Audience: Developers, CTOs

Read this page before committing to a client architecture or compliance target.

Supported

  • OAuth 2.0 Authorization Code grant for browser and app sign-in
  • PKCE on the authorization flow for public clients
  • OAuth 2.0 Client Credentials grant
  • Refresh Token grant
  • Device Code grant via /device_authorization and /token
  • OpenID Connect Discovery via /.well-known/openid-configuration
  • JWKS publishing via /.well-known/jwks.json
  • OpenID Connect UserInfo via /userinfo
  • Token revocation via /revoke
  • Token introspection via /introspect
  • Logout via /logout
  • JWT signing with RS256
  • Client authentication on the token endpoint with client_secret_basic and client_secret_post
  • Discovery-advertised grant types: authorization_code, client_credentials, refresh_token, device_code, ciba

Partially Supported or Implementation-Specific

  • CIBA appears in discovery metadata, but you should validate your user experience, client policy, and notification model before using it broadly.
  • Revocation and introspection endpoints are present, but their request shape is JSON-based and implementation-specific rather than a strict form-encoded standards profile.
  • A password grant handler exists in the server code, but it is not advertised in discovery metadata and should be treated as legacy or internal-only, not a preferred public integration.

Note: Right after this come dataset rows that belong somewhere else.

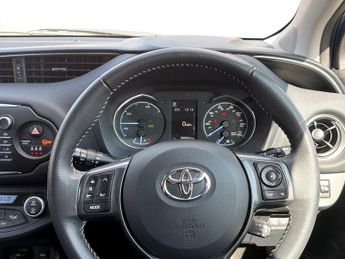 Toyota Yaris 1.5 Hybrid Y20 5dr CVT [Bi-tone]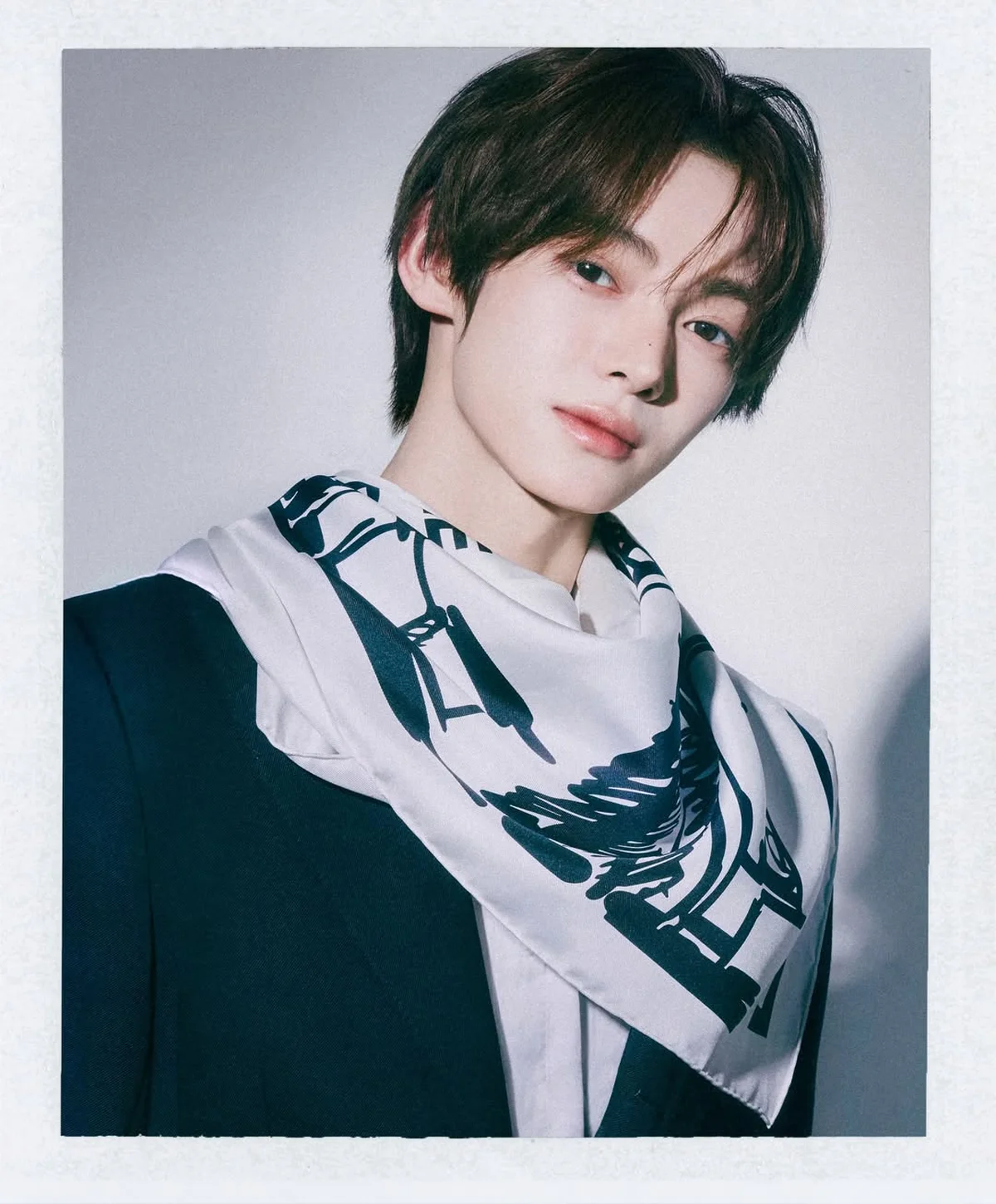 CELINE 26-27年秋冬コレクションのプレシューティングに参加したTWSのHANJIN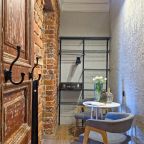 Люкс (Двухкомнатный люкс Apt# 202), Бутик-Отель Дом с гаргульями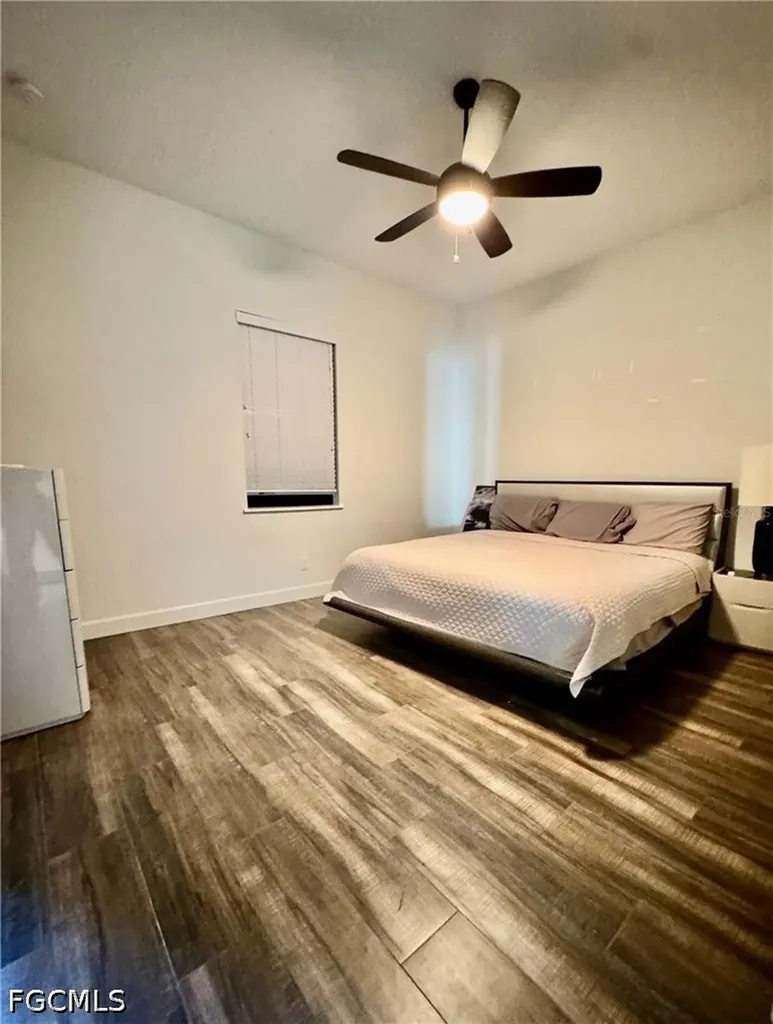 8533 S Lake Circle Fort Myers FL 33908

Not Supported for New Integrations

  • Implicit flow
  • Hybrid flow
  • Pushed Authorization Requests
  • JARM
  • Dynamic Client Registration
  • private_key_jwt client authentication
  • MTLS-bound access tokens
  • DPoP
  • Front-channel logout specification
  • Back-channel logout specification

Specification References

  • OAuth 2.0 Authorization Framework, RFC 6749
  • OAuth 2.0 for Native Apps, RFC 8252
  • OAuth 2.0 PKCE, RFC 7636
  • OAuth 2.0 Token Revocation, RFC 7009
  • OAuth 2.0 Token Introspection, RFC 7662
  • OAuth 2.0 Device Authorization Grant, RFC 8628
  • OpenID Connect Core 1.0
  • OpenID Connect Discovery 1.0
  • JSON Web Key, RFC 7517
  • JSON Web Token, RFC 7519

Working Example

curl https://localhost:5001/.well-known/openid-configuration

Confirm that grant_types_supported, response_types_supported, and token_endpoint_auth_methods_supported match your client's expectations.

Common Pitfalls

  • Assuming discovery metadata alone proves full spec conformance for every optional feature.
  • Treating legacy grants as recommended simply because a handler exists in code.

Troubleshooting Tips

  • When in doubt, compare the actual endpoint request and response formats to the Reference section before picking a client library.